Taş ocağı işletmelerine karşı direnişin sergisi: Pindasos’un Kayaları
Özlem Günel’in “Pindasos’un Kayaları” sergisi, Kozak’ta maden şirketlerinin neden olduğu tahribata, yöredeki kadınların çevre platformlarıyla birlikte taşıyıcısı olduğu direnişe tanıklık ediyor.

Sergiden bir fotoğraf
Fotoğrafçı Özlem Günel’in Kozak’taki taş ocağı işletmelerine karşı süren direnişi konu edinen “Pindasos’un Kayaları” belgesel fotoğraf sergisi İzmir Bergama Odeon Pergamon Kültür Sanat Alanı’nda ziyaretçilerini ağırlamaya devam ediyor.
Ayvatlar Köyü’nde, 51 hektarlık ormanlık alanda 95 yıllığına granit taş ocağı faaliyeti yürütmek için yapılan başvurunun ÇED halkın katılımı toplantısı sırasında gerçekleştirilen eylemden görüntüleri de içeren sergi, Okçular Köyü’nde yüzlerce yıldır Pindasos’un kayalarıyla iç içe geçmiş gündelik hayata, maden şirketlerinin neden olduğu tahribata ve özellikle yöredeki kadınların çevre platformları ve sivil toplum kuruluşlarıyla birlikte taşıyıcısı olduğu direnişe tanıklık ediyor.
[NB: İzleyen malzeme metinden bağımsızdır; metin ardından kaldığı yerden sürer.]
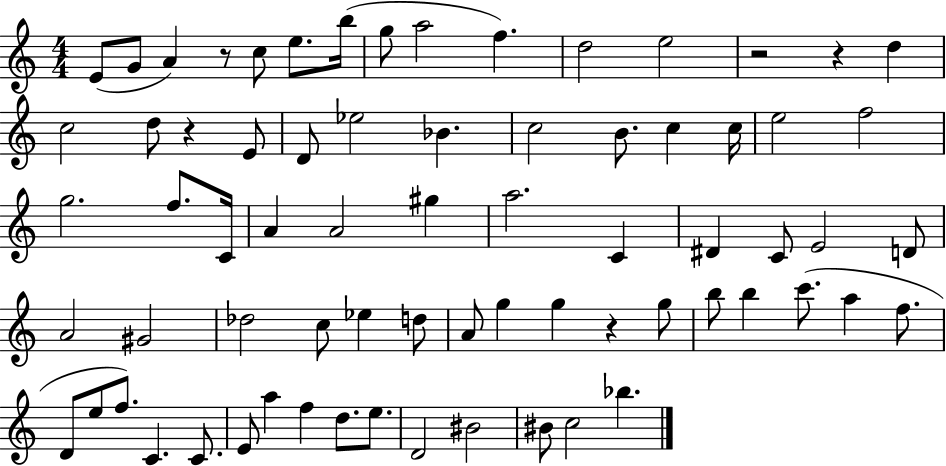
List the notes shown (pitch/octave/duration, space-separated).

E4/e G4/e A4/q R/e C5/e E5/e. B5/s G5/e A5/h F5/q. D5/h E5/h R/h R/q D5/q C5/h D5/e R/q E4/e D4/e Eb5/h Bb4/q. C5/h B4/e. C5/q C5/s E5/h F5/h G5/h. F5/e. C4/s A4/q A4/h G#5/q A5/h. C4/q D#4/q C4/e E4/h D4/e A4/h G#4/h Db5/h C5/e Eb5/q D5/e A4/e G5/q G5/q R/q G5/e B5/e B5/q C6/e. A5/q F5/e. D4/e E5/e F5/e. C4/q. C4/e. E4/e A5/q F5/q D5/e. E5/e. D4/h BIS4/h BIS4/e C5/h Bb5/q.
Hellenistik Dönem’de suyu bol yerleşim anlamına gelen “Pinda Assa”dan ismini alan Pindasos, günümüzdeki ismiyle Madra Dağı, toprağın derinliklerine kadar uzanan dev granit kayalarla Kozak Yaylası’na uzanıyor. Birçok endemik bitki türünün yanı sıra çam fıstığı üretiminin de merkezi olan Kozak Yaylası, 80’li yıllardan bu yana sürekli yenileri açılan, var olanların kapasite artışı yaptığı yüze yakın taş ocağı ve altın madeni işletmelerinin işgali altında ve tarihinin en büyük talanını yaşıyor. 1980’lerin ortalarından itibaren peş peşe çıkarılan ya da değiştirilen yasalarla maden şirketlerinin önü açılmıştı. Bergama yönünden önce Eurogold, sonra Koza; Balıkesir yönünden TÜMAD, Madra’yı kemirmeye, kirletmeye, geri dönüşü olmayan büyük zararlar vermeye başladı. Aynı dönemde granit taş ocakları da zehirli mantarlar gibi dağın her tarafına yayıldı, toprağın sarıp sarmaladığı granit kayalar devasa ocaklar açılarak doğasından koparıldı. Günden güne sayıları artan taş ocakları bir yandan da kapasite genişletmek için yeni alanlar talep etmeye başladı.
Okçular ve Ayvatlar köylerinde yerleşim alanlarına çok yakın mesafelerde faaliyete geçirilmek istenen granit ocakları için 2020 yılının Eylül ve Kasım aylarında gerçekleştirilen eylemleri ve taş ocaklarına karşı direnişi daha fazla görünür kılmak için başlatılan Pindasos’un Kayaları çalışması*, Okçular Köyü’nde, çam fıstığı, üzüm bağları ve zeytinliklerin bulunduğu 95 hektarlık alanı 69 yıllığına kiralayarak taş ocağı işletmek isteyen şirketin başvurusu üzerine yapılacak olan ÇED Halkın Katılım Toplantısı’nın Eylül 2021’de yöre halkının ve çevrecilerin tepkisiyle engellendiği gün başladı.
15 Aralık’ta açılışı gerçekleşen sergi 8 Ocak’a kadar cuma, cumartesi, pazar ve pazartesi günleri saat 14.00-19.00 arasında Odeon Pergamon Kültür Sanat Alanında izlenebilir. (İzmir/EVRENSEL)
*Pindasos’un Kayaları çalışması, 2021-2023 tarihleri arasında sürdürülen Antroposen Çağdan Belgesel Hikâyeler projesi kapsamında üretilmiştir.